Riporto qui di seguito queste riflessioni che ho trovato su speleoit, so che l’autore ci legge e quindi se non lo desidera posso togliere l’articolo, ma lo trovo interessante molto interessante.
Grazie a Adrea in anticipo

C’è una cosa che non diciamo: Non siamo capaci a lasciar perdere il nostro piccolo orticello.
Dobbiamo guardare oltre, dobbiamo sentirci parte del movimento speleologico nazionale e internazionale, dobbiamo sentirci speleologi: Se il giornalino del quartiere ci contatta per parlare di grotte dovremmo parlare delle grotte del loro quartiere e dire pure che la speleologia non finisce con il nostro gruppo, bisogna raccontare cosa sono gli speleologi.
Se ci contatta la rivista focus o un quotidiano nazionale dobbiamo sentirci Speleologi e parlare della speleologia italiana e mondiale, non di quello che ha fatto il mio ristretto gruppo del mio quartiere. Noi esploriamo piaggiabella, noi esploriamo il carso, noi esploriamo la krubera, noi esploriamo Naica, noi abbiamo la biblioteca speleologica più grande del mondo, noi abbiamo il wish, noi abbiamo il powerpoint, noi collaboriamo con gli archeologi nelle cavità artificiali. Noi siamo speleologi. Ci vuole poco a fare divulgazione se ci rendiamo conto che la speleologia è diventata globale, ma se continuiamo a considere la speleologia l’attività ristretta del nostro gruppo/associazione/fazione, non faremo niente di buono per la divulgazione della speleologia. Questo manca su Focus: o non ci entrava per ragioni di spazio e gli articoli sono stati tagliati, oppure non glielo abbiamo detto. E se non glielo abbiamo detto o se non c’entrava, preoccupiamoci di raccontarglielo per i prossimi numeri/monografie, visto che c’è un canale aperto di contatto.
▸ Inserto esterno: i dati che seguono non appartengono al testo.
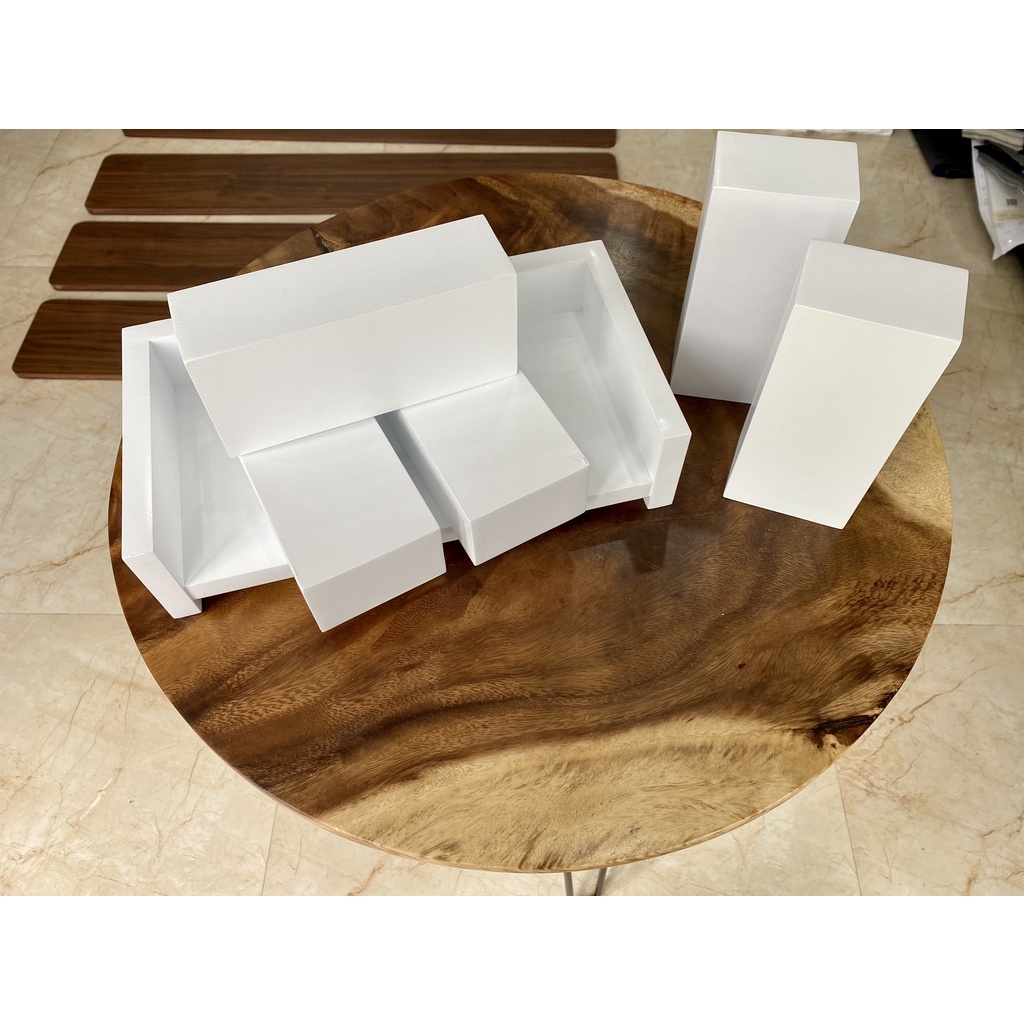 Hộc Ngăn và Chân Kê MDF Trắng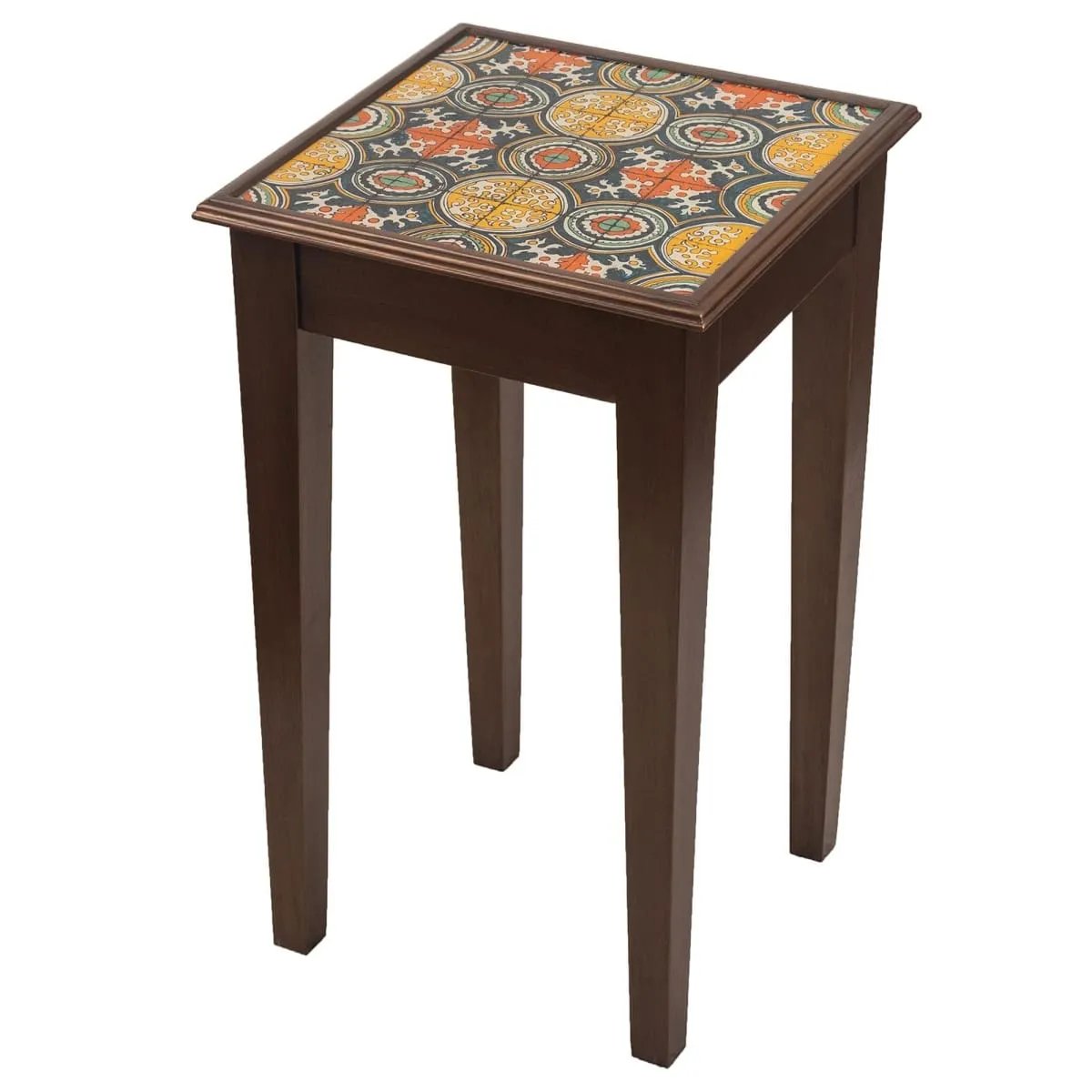 Novica Dominican Heritage Reverse-Painted Glass Accent Table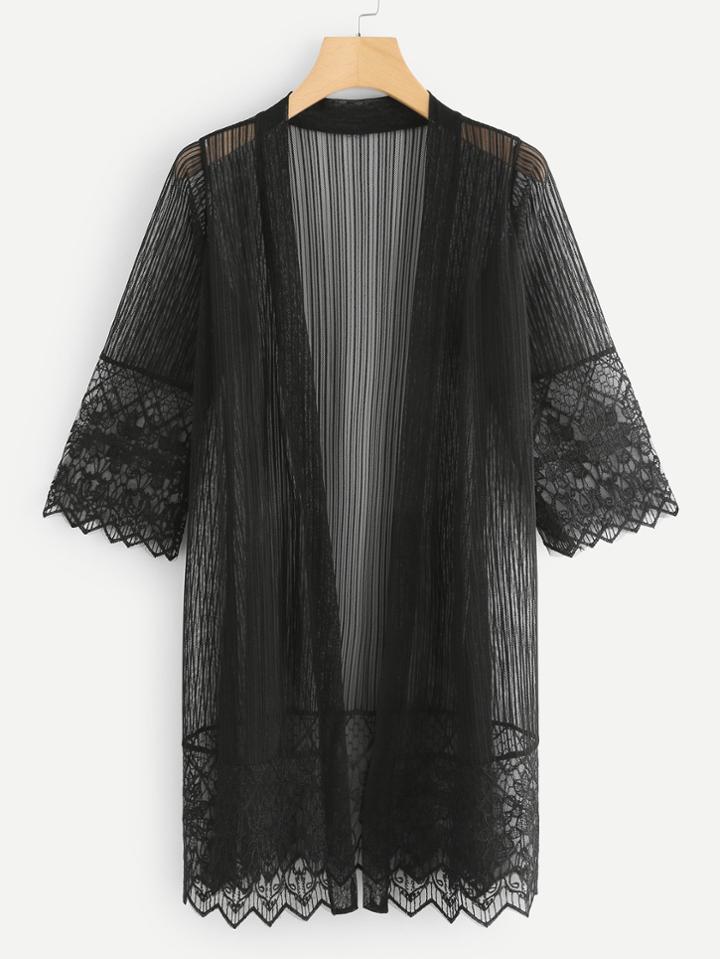 Romwe Lace Chevron Hem Cardigan
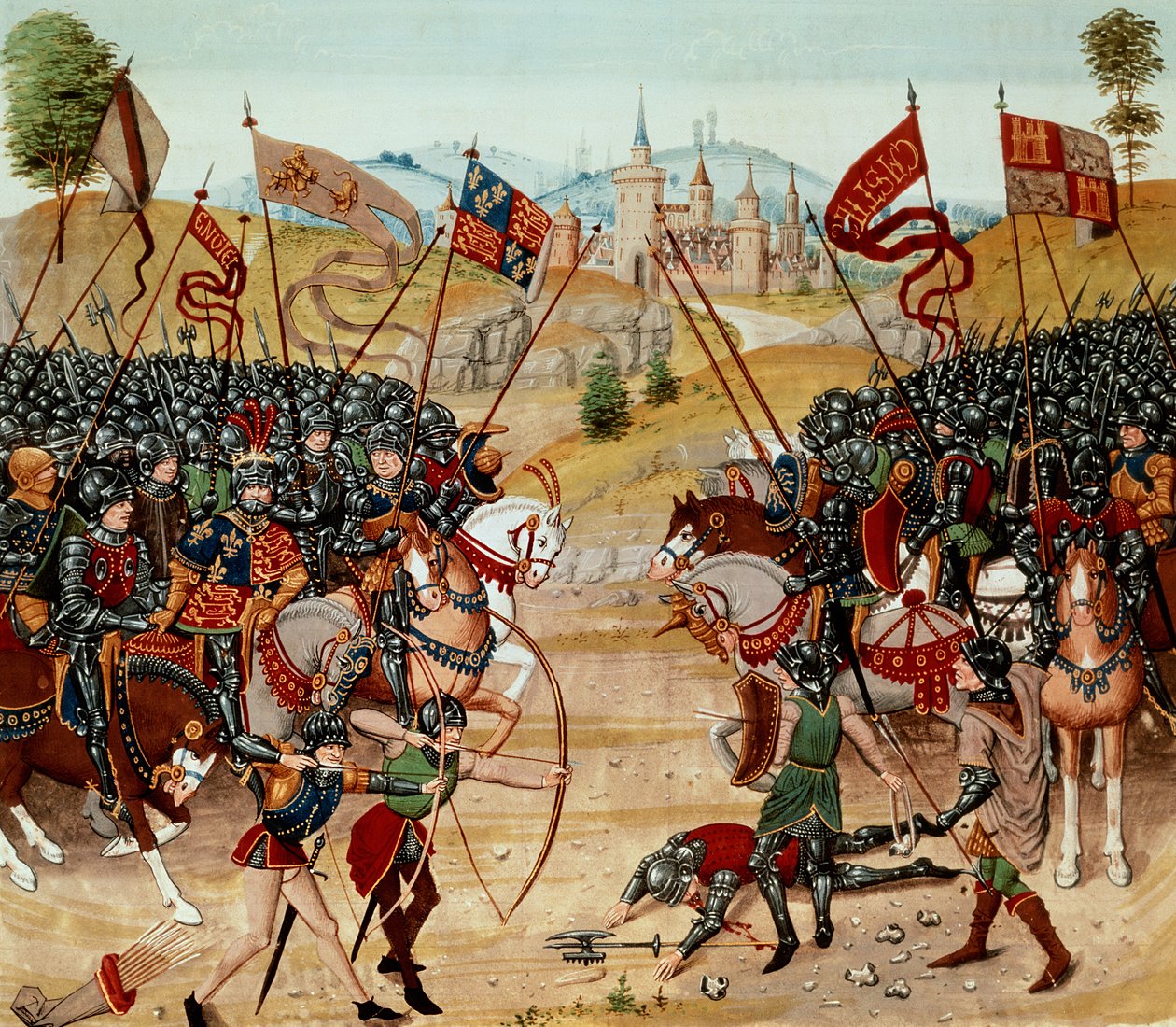 Fr 2643 f.312v Slaget ved Najera, 1367, fra Froissarts Chronicle av French School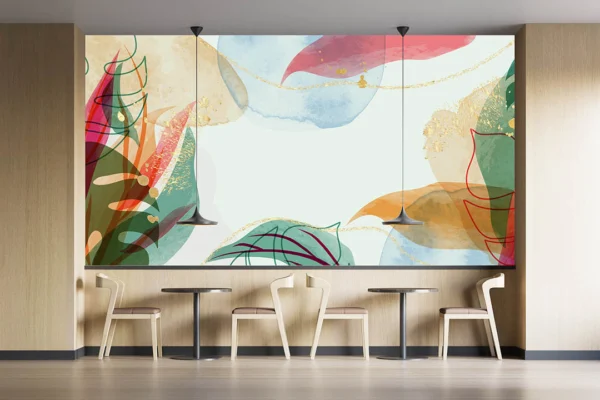 Sulu Boya Tropik Yapraklar Pastel Rüyası Poster Duvar Kağıdı
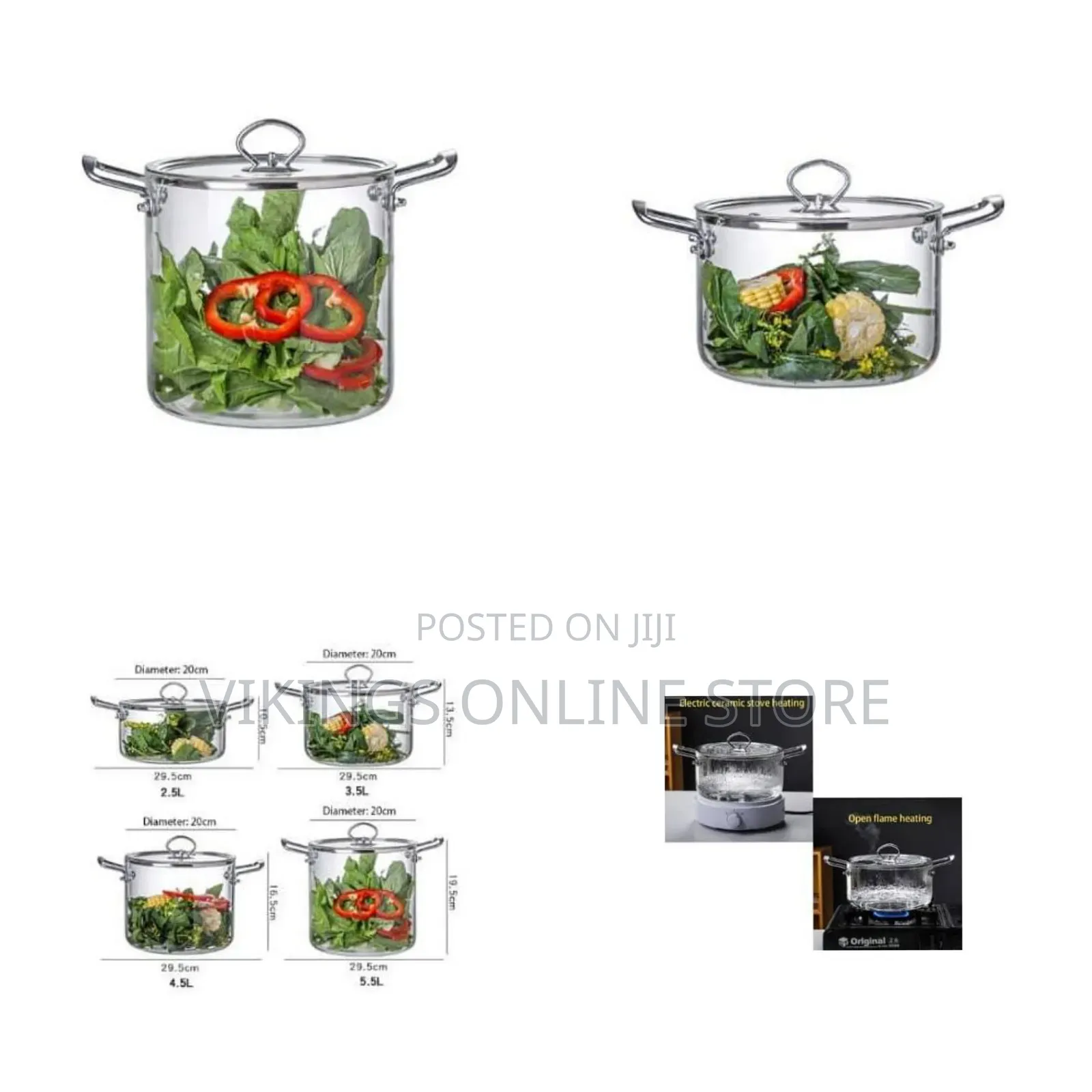 5.5L Glass Clear Saucepan, Glass Stovetop Heat Resistant Cooking Pot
Anni fa in occasione di un incidente in grotta mi contattò un giornalista di una radio a diffusione nazionale che mi aveva trovato su internet e mi chiese se ero disponibile per una intervista per raccontare della speleologia in generale e della nostra attività. Quella volta telefonai a Mila Bottegal, che era una delle poche persone di SSI che conoscevo, e chiesi a lei i dati e le chiesi se l’intervista voleva farla lei, che sicuramente conosceva la Speleologia molto meglio di me. Mila mi disse “vai tranquillo falla tu che va benissimo”. E parlai degli speleologi, non dell’UTEC NARNI o delle grotte umbre.

Cresceremo, perchè stiamo diventando globali e le esplorazioni che hanno più successo lo dimostrano: Speleologi provenienti da più gruppi sanno fare molto meglio degli altri. Informiamoci e guardiamoci intorno, leviamoci sigle territoriali e di fazione, sono le ultime strettoie da passare.